DIRECTIONS:
Write out the entries below exactly, but only from the line containing "So now I'm going" through the line containing "Hi, in front", and without the pictures.

THE INPUT:
══════
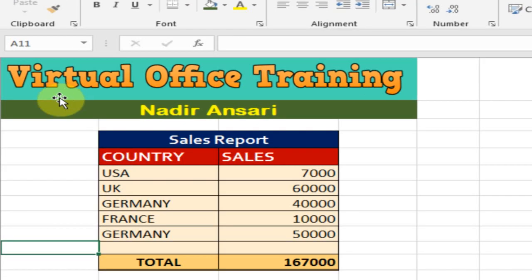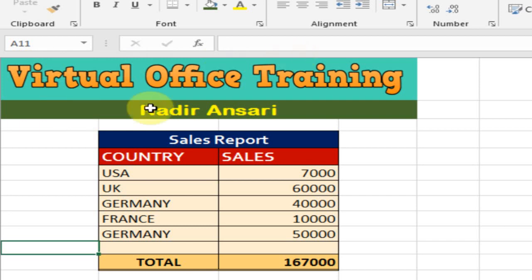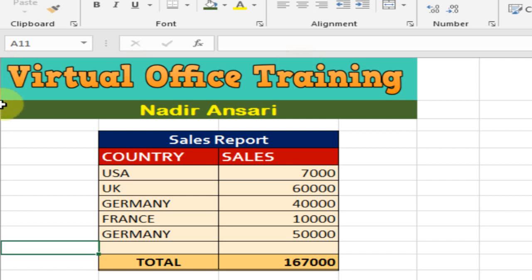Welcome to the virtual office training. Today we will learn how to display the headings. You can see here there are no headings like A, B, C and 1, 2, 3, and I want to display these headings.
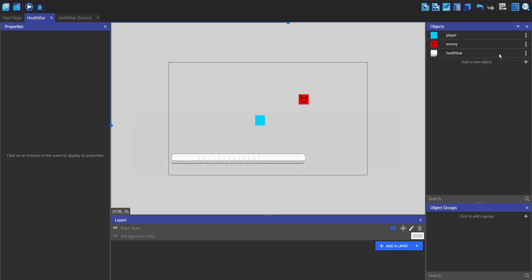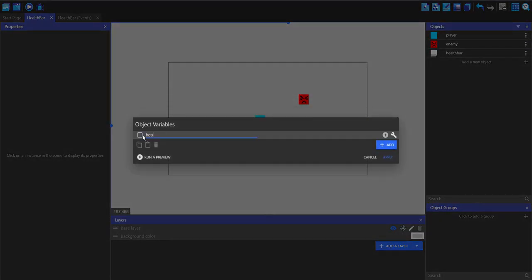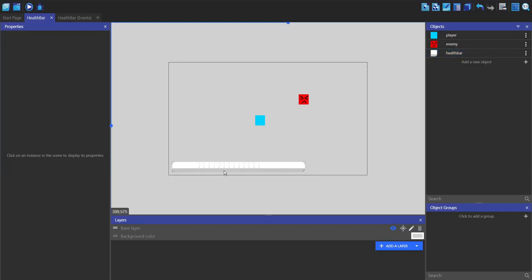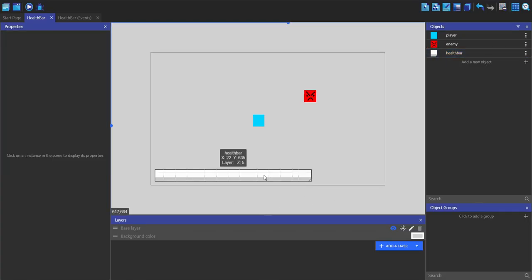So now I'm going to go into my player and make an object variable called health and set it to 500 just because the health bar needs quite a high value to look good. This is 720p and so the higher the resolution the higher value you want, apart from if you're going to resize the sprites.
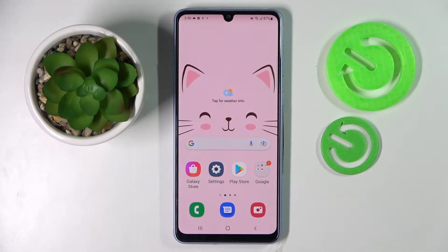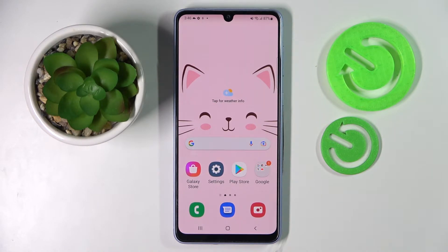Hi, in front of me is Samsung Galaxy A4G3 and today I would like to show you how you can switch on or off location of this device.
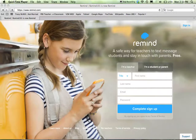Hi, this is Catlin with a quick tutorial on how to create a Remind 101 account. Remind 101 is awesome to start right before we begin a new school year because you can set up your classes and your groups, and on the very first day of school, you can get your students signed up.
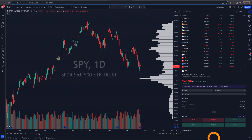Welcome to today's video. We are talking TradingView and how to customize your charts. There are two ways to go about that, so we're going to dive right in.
══════
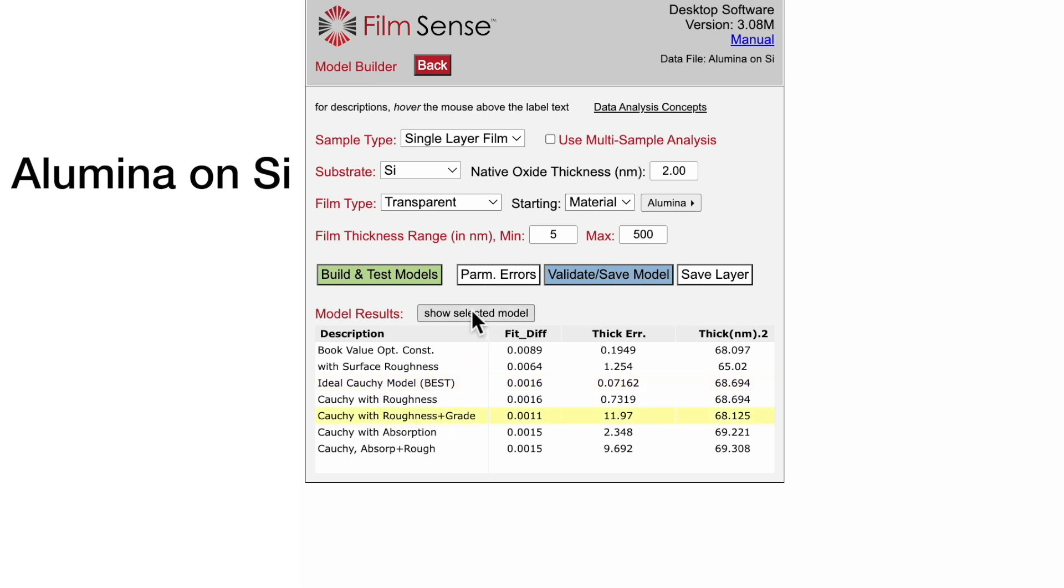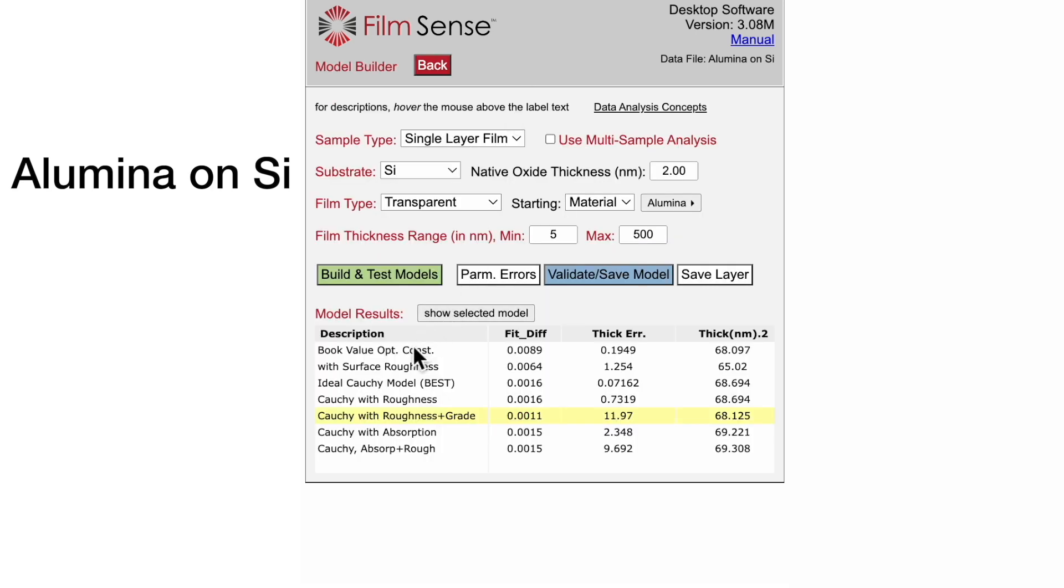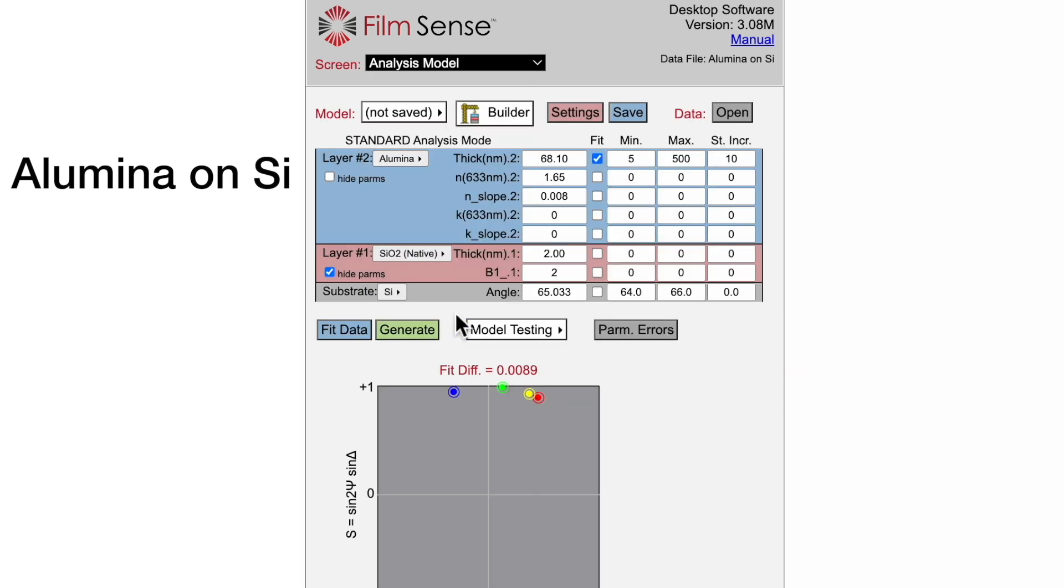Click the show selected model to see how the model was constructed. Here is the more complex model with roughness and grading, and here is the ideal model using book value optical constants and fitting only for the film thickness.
══════
WRITTEN ANSWER:
So now I'm going to go into my player and make an object variable called health and set it to 500 just because the health bar needs quite a high value to look good. This is 720p and so the higher the resolution the higher value you want, apart from if you're going to resize the sprites.
Hi, in front of me is Samsung Galaxy A4G3 and today I would like to show you how you can switch on or off location of this device.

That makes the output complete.